* Exercise description
Exactly as they appear, copy the lines from the one holding "this 1270×952 image." through the end of the records, leaving pictures out.
-------- Data supplied
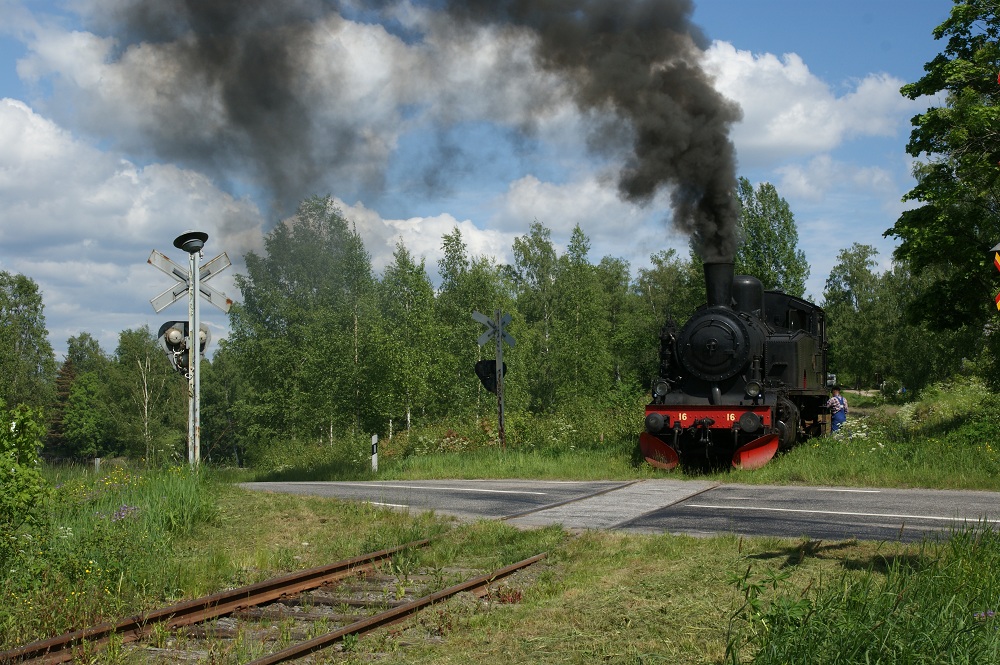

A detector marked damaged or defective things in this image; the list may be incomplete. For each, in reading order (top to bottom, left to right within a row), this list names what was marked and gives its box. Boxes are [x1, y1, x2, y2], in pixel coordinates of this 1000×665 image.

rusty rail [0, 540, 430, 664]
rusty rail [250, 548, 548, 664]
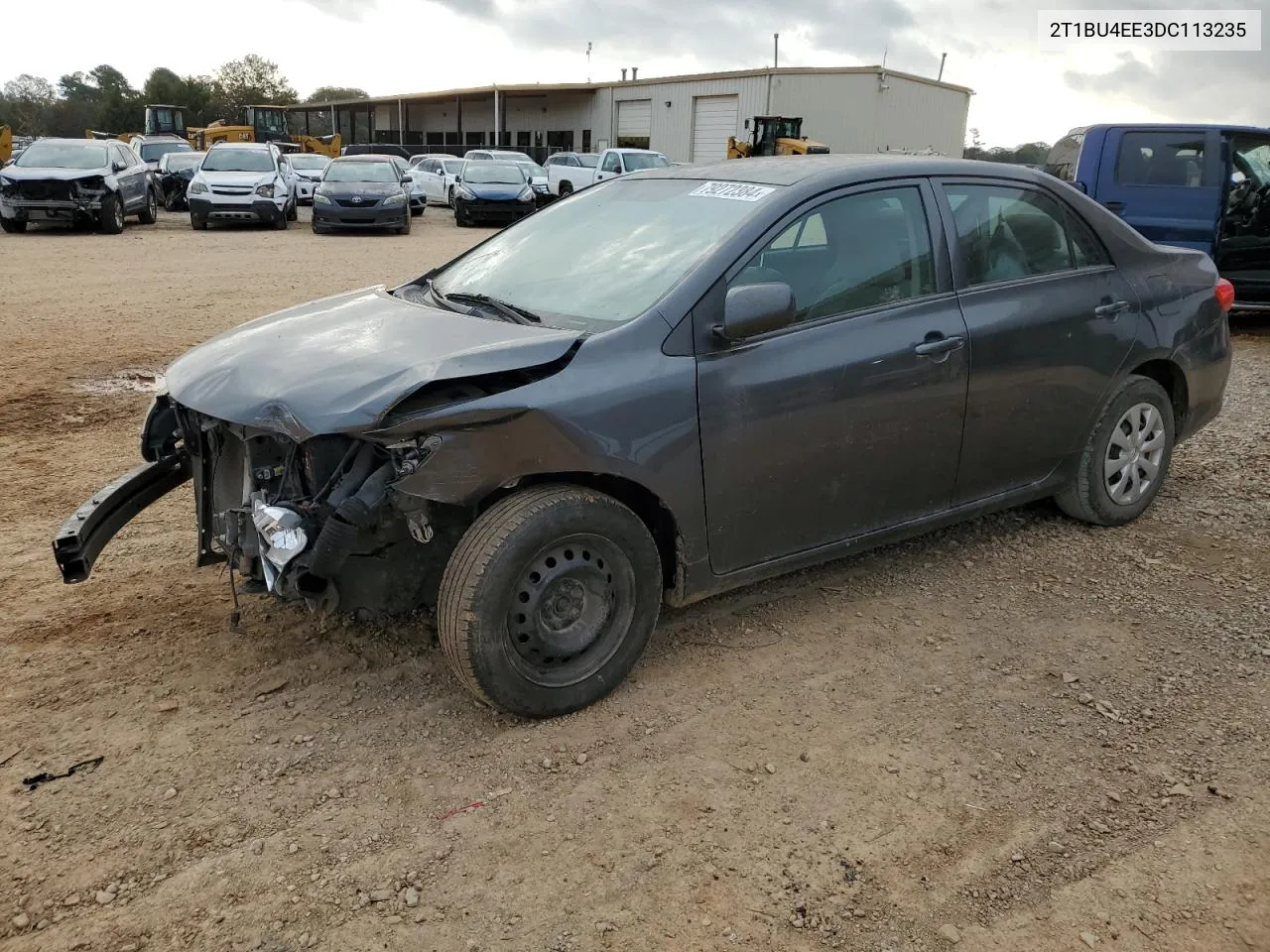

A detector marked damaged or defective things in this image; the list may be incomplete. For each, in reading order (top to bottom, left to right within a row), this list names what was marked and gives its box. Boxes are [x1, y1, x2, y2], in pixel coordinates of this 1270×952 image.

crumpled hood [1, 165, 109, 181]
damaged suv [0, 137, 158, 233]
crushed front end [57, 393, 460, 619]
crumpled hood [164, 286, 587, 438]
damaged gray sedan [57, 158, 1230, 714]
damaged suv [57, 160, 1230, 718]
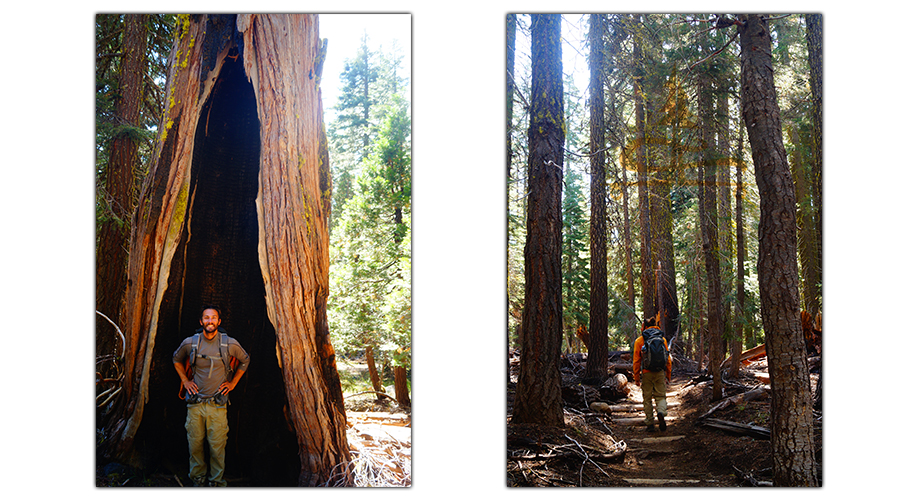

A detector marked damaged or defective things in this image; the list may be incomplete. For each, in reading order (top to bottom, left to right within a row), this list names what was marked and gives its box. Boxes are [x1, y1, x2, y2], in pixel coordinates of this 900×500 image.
----------------
* Problem solution
A detector marked damaged or defective things in this image; the list may be incomplete. For each, in reading order (top to bottom, left to right within a row), this list names what was marked and gives its box. Boxes are [x1, y1, x2, y2], in pixel coordinates of this 1270×952 image.

crumpled hood [1, 165, 109, 181]
damaged suv [0, 137, 158, 233]
crushed front end [57, 393, 460, 619]
crumpled hood [164, 286, 587, 438]
damaged gray sedan [57, 158, 1230, 714]
damaged suv [57, 160, 1230, 718]

A detector marked damaged or defective things in this image; the list may be incomplete. For each, in reading order (top to bottom, left to right within a row), this list names what was marked and gives its box. Boxes are [x1, y1, x2, y2], in pixel coordinates of this 900×500 image.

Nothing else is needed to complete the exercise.